Equating the obtained polynomial to zero ах2+bx+C =0, you get a quadratic equation, the roots of which and will be the solution to the original cubic equation, i.e. x₂' ₃ ơ=(-b±√(b^2-4ac))/2a

Note

In the first stage equation, namely, finding the root of equation by the method of selection, we should not forget about the whole negative numbers, which can also be a solution of the equation.
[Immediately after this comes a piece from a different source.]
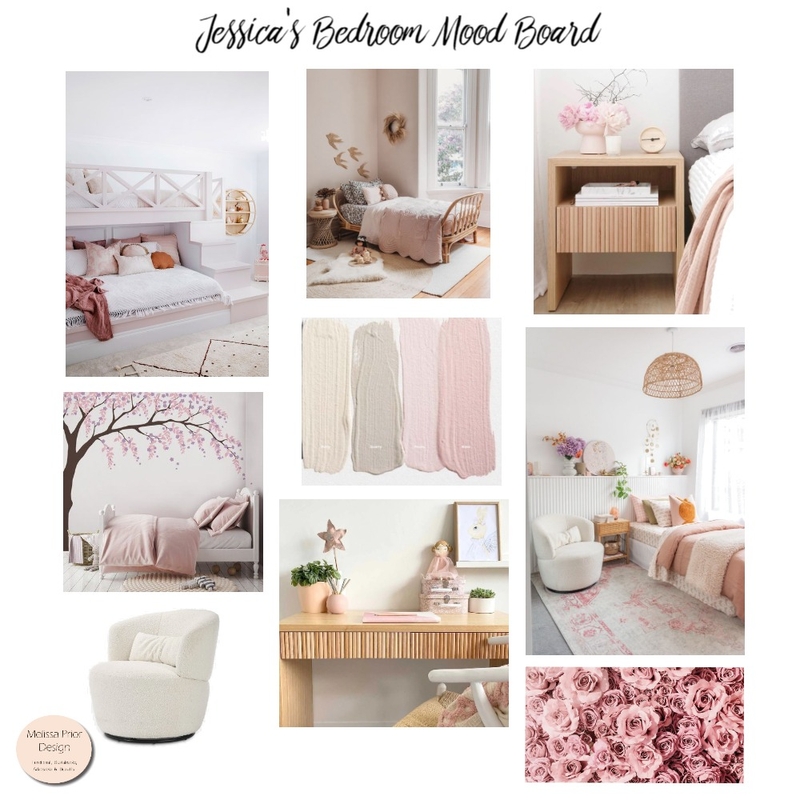 Jessica's Bedroom Mood Board by mprior on Style Sourcebook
# Advice 4 : How to solve equation with a cube

For the solution of cubic equations developed by several mathematical methods. The method of substitution or replacement of cube auxiliary variable, and a number of iterative methods, in particular Newton's method. But the classical solution of the cubic

**equation**is expressed in the use of the formulas of vieta and Cardano. The method of vieta-Cardano is based on the use of the formula of the cube of the sum of the coefficients and is applicable for any kind of cubic**equation**. To search for the roots**of the equation**, the entry must be represented in the form: x3+a*x2+b*x+c=0 where a is not zero.Instruction

1

Make a note of the original cubic equation in the form: x3+a*x2+b*x+c=0. To do this, all the coefficients

**of the equation**divide by the first coefficient with a multiplier of x3 so that it became equal to one.2

Based on the algorithm of the method of vieta, cardan, calculate the values of R and Q according to the respective formulae: Q =(a2-3b)/9, R=(2a3-9ab+27c)/54. Moreover, the coefficients a, b and C are the coefficients of the given

**equation**.3

Compare the obtained values of R and Q. If it is the expression Q3 >R2 , therefore, in the initial equation there are 3 real roots. Calculate them by the formulas of vieta.

4

When Q3 values <= R2 , the solution is one real root x1 and two complex conjugate roots. To define them we need to find intermediate values A and B. Calculate their formulas Cardano.

5

Find the first valid root by the formula x1=(B + A) a/3. For different values of A and b define the complex conjugate roots of the cubic

**equation**by appropriate formulas.6

If the values of A and b was equal, conjugate roots, degenerate in the second real root of the original

**equation**. This is the case when a valid root turns two. Calculate second real root by the formula x2=-A-A/3.